Flow-induced vibration analysis of two unequal-diameter flexible cylinders in staggered configuration from a hydrodynamic force perspective

Abstract

This paper presents an experimental study on the hydrodynamic features of two unequal-diameter flexible cylinders in staggered arrangement subject to flow-induced vibration (FIV). Five position angles (α = 15°, 30°, 45°, 60°, and 75°) are defined between the tandem (α = 0°) and side-by-side (α = 90°) cases with the centre-to-centre spacing being fixed at P = 6.0d, where d is the diameter of the small cylinder.
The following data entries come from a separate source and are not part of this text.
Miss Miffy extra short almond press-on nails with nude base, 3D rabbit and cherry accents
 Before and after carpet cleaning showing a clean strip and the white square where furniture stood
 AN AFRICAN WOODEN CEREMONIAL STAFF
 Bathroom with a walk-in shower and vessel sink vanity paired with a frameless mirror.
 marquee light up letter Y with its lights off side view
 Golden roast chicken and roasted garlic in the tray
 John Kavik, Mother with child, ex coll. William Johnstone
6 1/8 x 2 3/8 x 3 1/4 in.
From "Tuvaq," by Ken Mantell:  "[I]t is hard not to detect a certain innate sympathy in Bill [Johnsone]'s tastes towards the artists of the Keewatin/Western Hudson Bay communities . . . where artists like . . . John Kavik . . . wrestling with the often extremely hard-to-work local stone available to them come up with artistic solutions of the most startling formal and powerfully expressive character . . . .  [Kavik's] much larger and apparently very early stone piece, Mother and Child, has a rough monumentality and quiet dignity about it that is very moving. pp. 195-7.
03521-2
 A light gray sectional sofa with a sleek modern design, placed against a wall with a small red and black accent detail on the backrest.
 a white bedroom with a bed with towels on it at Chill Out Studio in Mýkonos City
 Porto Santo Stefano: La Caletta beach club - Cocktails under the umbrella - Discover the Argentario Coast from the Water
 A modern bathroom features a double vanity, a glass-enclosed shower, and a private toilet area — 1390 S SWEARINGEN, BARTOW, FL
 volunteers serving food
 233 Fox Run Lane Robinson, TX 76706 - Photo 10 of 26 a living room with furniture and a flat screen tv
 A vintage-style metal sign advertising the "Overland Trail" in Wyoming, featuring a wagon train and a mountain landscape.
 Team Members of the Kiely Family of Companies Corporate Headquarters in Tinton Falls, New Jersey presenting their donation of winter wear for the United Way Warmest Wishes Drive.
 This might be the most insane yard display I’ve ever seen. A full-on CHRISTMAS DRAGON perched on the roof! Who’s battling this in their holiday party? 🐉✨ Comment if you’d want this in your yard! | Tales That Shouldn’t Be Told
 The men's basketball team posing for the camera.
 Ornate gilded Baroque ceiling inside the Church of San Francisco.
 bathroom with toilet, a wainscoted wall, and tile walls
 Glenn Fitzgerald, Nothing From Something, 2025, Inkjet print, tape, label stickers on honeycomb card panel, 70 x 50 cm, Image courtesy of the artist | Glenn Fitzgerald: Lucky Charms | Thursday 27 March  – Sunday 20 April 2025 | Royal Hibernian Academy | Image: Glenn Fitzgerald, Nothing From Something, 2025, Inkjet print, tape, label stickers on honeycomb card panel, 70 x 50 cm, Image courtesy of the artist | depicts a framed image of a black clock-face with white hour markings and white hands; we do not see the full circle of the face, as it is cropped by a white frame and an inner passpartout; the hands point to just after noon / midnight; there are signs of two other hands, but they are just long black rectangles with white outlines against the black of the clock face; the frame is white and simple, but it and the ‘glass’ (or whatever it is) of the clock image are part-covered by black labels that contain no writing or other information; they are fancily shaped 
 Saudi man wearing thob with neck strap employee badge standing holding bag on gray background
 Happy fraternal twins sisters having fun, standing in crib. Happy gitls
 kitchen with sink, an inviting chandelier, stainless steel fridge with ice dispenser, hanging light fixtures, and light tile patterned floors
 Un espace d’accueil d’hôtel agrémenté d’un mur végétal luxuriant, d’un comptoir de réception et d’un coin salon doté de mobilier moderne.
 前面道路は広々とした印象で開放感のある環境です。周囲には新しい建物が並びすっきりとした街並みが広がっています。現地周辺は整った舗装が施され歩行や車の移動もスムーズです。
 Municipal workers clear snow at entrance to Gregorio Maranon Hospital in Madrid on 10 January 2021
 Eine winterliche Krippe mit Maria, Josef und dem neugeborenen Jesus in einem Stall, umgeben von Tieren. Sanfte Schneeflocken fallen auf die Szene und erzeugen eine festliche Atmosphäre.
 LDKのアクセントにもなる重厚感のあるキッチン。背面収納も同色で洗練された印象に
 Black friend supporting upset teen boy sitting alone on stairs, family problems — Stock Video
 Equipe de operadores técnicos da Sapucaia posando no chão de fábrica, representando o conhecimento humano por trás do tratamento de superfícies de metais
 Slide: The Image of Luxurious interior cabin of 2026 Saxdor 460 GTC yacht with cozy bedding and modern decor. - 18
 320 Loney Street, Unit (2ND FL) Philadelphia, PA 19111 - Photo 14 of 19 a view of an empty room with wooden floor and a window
The time-varying strains obtained from the experimental tests are converted into displacements, and then the hydrodynamic force coefficients of the two cylinders are derived using an inverse analysis method. It is found that the variation trends of the cross-flow (CF) hydrodynamic coefficients with the reduced velocity do not demonstrate qualitative differences from those of their isolated counterparts except in the mode transition regions. The downstream cylinder experiences stronger influence from the upstream cylinder on its CF hydrodynamic characteristics especially at small α. The more frequent mode transitions in the in-line (IL) direction lead to the multi-frequency responses associated with changes in the IL hydrodynamic coefficients. The typical wake-induced flutter (WIF) phenomenon is observed when Vrs = 5.01, 8.77 and 16.28–25.05 for the downstream small cylinder in Case I and α = 75°. The influence of the characteristics of the WIF phenomenon on the hydrodynamic force is evident because of the nonexistence of the high-frequency components in the oscillations.